With hands [15/24,1], raising is still equal in expectation to folding. Call-folding is now worse than folding since call-folding won't win the pot 25% of the time anymore. And call-calling is equal to or worse than call-folding since over this interval an SB hand is good &lt;= 25% of the time against a BB raise. So the SB's best response with [15/24,1] is to raise or fold. My strategy has SB raising with [15/24,17/24] and folding [17/24,1], so that checks out.

[jogsxyz]

[ QUOTE ]
Also I'd offer the following argument that my proposed strategy pair is an equilibrium:

The BB's strategy is a best response to the SB's because:
Following an SB raise, the best response is to call with any hand that's good 25% of the time against the SB's raising range (since he's getting 3:1). This means he has to call with hands &lt; 6/24, has to fold hands &gt; 15/24, and can call or fold with hands in between. BB's calling threshold is 12/24 so that checks out.

[/ QUOTE ]

Your own link to Tom Ferguson says BB must call halfway between SB's value bet and bluff points. Else SB can be exploited. Whether you're using low or high values as best hand. The call point is not halfway. It's closer to the weaker hands. SB will bet more value bets than bluffs.

[diddle]

[ QUOTE ]
[ QUOTE ]
[ QUOTE ]
How large does the size of the raise have to be (as opposed to the two dollars it is now), with 1 and 2 blinds, for the game to be even?
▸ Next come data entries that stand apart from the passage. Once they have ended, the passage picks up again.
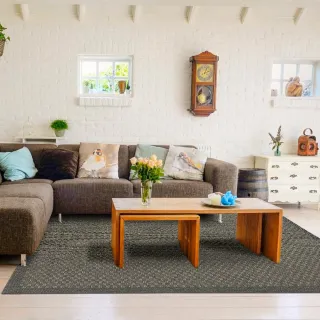 【Ambience】比利時Hampton 平織地毯#90014(160x230cm)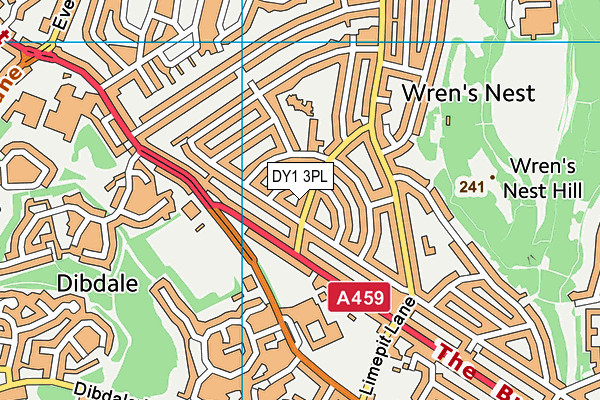 DY1 3PL map - OS VectorMap District (Ordnance Survey)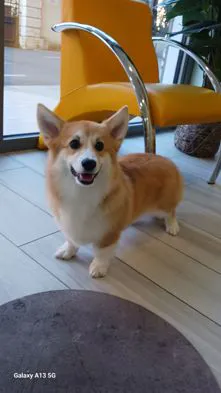 Corgie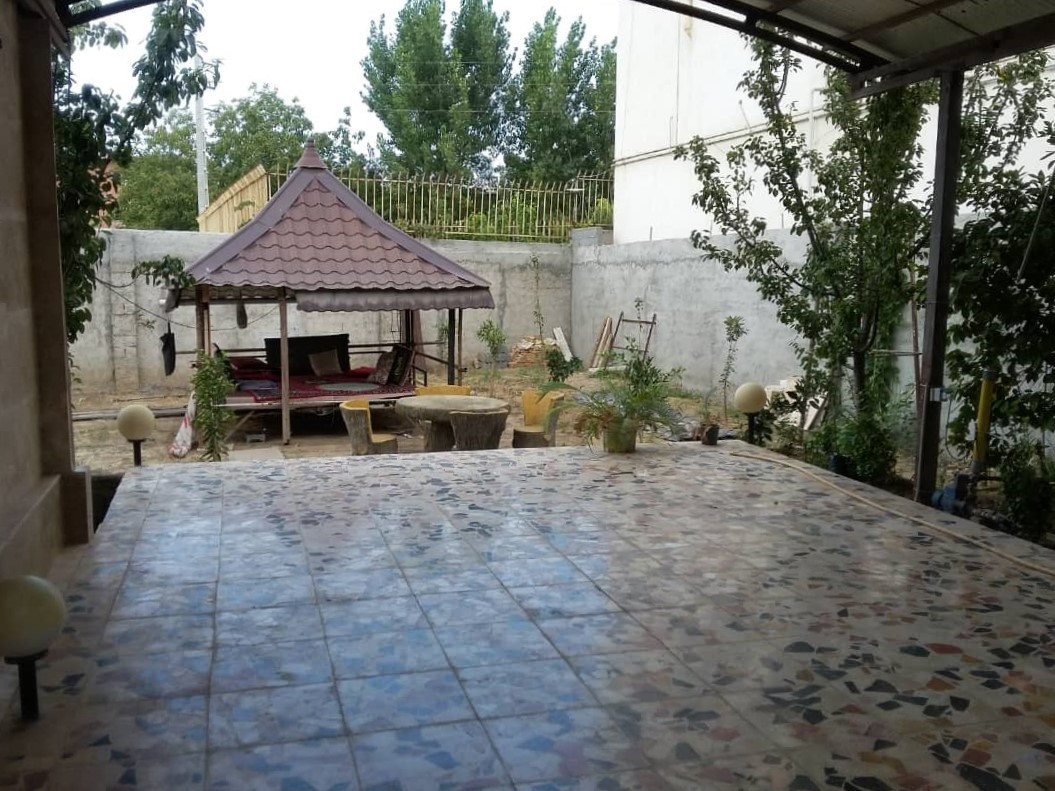 حیاط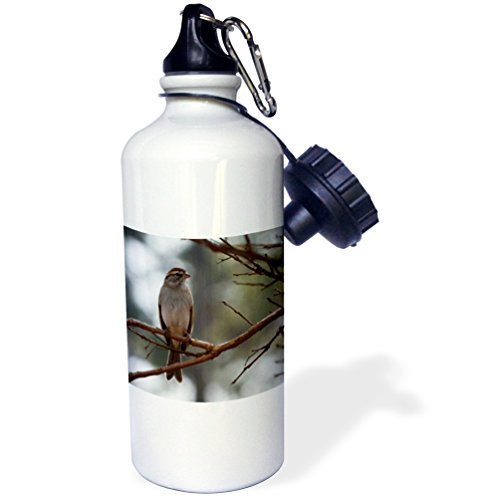 3dRose wb_22505_1"Chipping Sparrow A photo of a sparrow" Sports Water Bottle, 21 oz, White 3dRose wb_22505_1"Chipping Sparrow A photo of a sparrow" Sports Water Bottle, 21 oz, White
[/ QUOTE ]I don't see a way to do this which doesn't involve a ton of algebra (solving for optimal strategies in terms of r, calculating the outcome when the optimal solutions are played against each other as a function of r, then setting that function equal to 0 and solving for r), which I'm too lazy to do. Anyone have any clever ideas?

[/ QUOTE ]

Well how bout solving for a few guesses, perhaps five dollars, to see approximately where the edge switches. You do agree it would switch don't you?

[/ QUOTE ]

Why would it switch?

[jogsxyz]

To solve. Break the game into parts.

Part A.
SB may fold or raise. Fold, game over. Raise BB may
fold or call.

SB wins 1.

SB's action vector
[0,.5] bet
[.5,5/6] fold
[5/6,1] bluff
BB's action vector
[0,2/3] call
[2/3,1] fold

===========

Part B.
SB may fold, complete, or raise. Game over if SB folds
or completes. BB may fold or call raise.

SB wins 1.25

SB's action vector
[0,.25] bet
[.25,.75] complete
[.75,5/6] fold
[5/6,1] bluff
============
Complete game.

SB wins 1.0933

Still tweaking the results.

[diddle]

Can someone answer this?

So the SB has an advantage in this game?


This would be strange because the BB has an advantage if there are more raises allowed.